The guy nods. "Then I take it back. C'mon kiddo. The shots kinda stink but there are treats at the end."
They go into the little room and Bucky gets Shavka up on the table and warns the vet that she was a stray, and Bucky's not sure how she's going to react. The vet's a nice enough lady, speaks soothingly but works efficiently, and Bucky likes her. But Shavka yelps and whines and give Bucky a look of deep betrayal when he holds her forepaws so the vet can finish up with the shots. He knows that expression. He's pretty sure he gave Steve a look like that once, when he realized the people coming into the room to see him were doctors, and that the room was a cage.
It's okay, they're just going to make sure you're alright.
I'm sorry. He was shaking. Without the machine, the ice, the constant chemical restraints, fear overwhelmed him and he was shaking so hard his teeth chattered. I'm sorry that I disobeyed.
Bucky, hey, look at me. Don't look at them. Ten minutes okay? That's all.
Please. Begging, pathetic. Gripping what he remembered like a child holding a doll. Please. I don't want to forget.
Five minutes, Buck, just five.
Captain Rogers, five minutes is-
Going to have to be enough. Keep looking at me, Buck. It's almost over. We're going home soon.
The white coats worked fast. They drew blood, downloaded data from the arm, and listened to his lungs and heart, shone a light into his eyes. There was no chair. No lightening. No ice. No pain. And afterward, seated in the room, just him and Steve, he stared.
Yeah. When you're ready we can leave.
Nothing about deadlines or timetables. Not even really an order. And want still present in him. I want to go, he whispered. He waited for reaction. For the white coats to come in again and fix him. Instead, Steve said okay and took him home.
Shavka follows him out of the vet's with her head down and her tail tucked. She stays exactly at his heel, and doesn't balk at the stairs. When they get back to the apartment she spends a moment staring at him. Then she runs over to her bed and lies down.
"See?" he says.
She wags her tail once and rubs her nose on his hand when he holds it out for her to sniff. He gives her a scratch behind the ears, then checks his phone.
As promised, Bruce has sent him the pdf of programming for the conference and most of it is Greek to Bucky, but Self-Reported PTSD Symptom Severity and Access to Service Dogs sounds slightly more manageable than Cortisol Levels Among Animal Carers with a History of Trauma and way better than the totally incomprehensible Alpha-1 Adrenergic Receptor Antagonists: A Review of the Literature.
Bucky always liked school and was good at it, but it's been a hell of a long time.
I don't know what half
this stuff even means
Look at the things in blue
they're mostly non-technical.
I don't think I have
the brains for this
Actually, you're probably the world
expert on some of it.

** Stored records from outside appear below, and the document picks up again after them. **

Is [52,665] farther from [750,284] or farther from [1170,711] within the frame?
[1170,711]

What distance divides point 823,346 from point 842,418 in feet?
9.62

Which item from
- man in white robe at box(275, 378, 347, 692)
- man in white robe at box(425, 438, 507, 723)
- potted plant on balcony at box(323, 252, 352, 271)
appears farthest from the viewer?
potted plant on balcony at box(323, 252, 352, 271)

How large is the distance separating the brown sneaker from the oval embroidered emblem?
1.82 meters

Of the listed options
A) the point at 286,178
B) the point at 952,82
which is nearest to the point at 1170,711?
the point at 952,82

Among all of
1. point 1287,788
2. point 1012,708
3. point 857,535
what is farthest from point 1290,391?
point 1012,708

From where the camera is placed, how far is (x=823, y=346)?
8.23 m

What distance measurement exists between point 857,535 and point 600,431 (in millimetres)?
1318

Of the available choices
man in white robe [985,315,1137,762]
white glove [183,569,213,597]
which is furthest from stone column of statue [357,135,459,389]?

If anyone
asks I'll introduce you as a
traumatic amnesia specialist.
… … …
10$ says somebody will
ask you to present a paper
They're sitting the couch that evening, him and Steve. Bucky's still reading on his phone, scrolling between the lectures that sound interesting. He's narrowing down the ones he wants to see when Steve looks over at the screen. He makes a little noise. Bucky looks up.
"What?" he asks.
"Vet school?" Steve asks softly.
Steve smiles at him, and suddenly his eyes are a little bit glassy, his mouth tightening up.
Bucky sits up. "Steve?"
"That's great," Steve says. He nods at Bucky and blinks a few times. Bucky can hear him swallow. "Buck, that's great."
"What are you…?" he looks down. There it is, on the header of every single page of the pdf, Lawrence College of Veterinary Medicine. He stares at it. Then he looks at Steve. "It's a…" he starts to explain, but something stops him. He slouches back down among the couch cushions and shrugs. "Yeah," he says. He shrugs again. "Maybe."
I dunno if there is a Lawrence College of Veterinary Medicine. There probably is. Somewhere.
Also: Okay, now it is for real done. For real.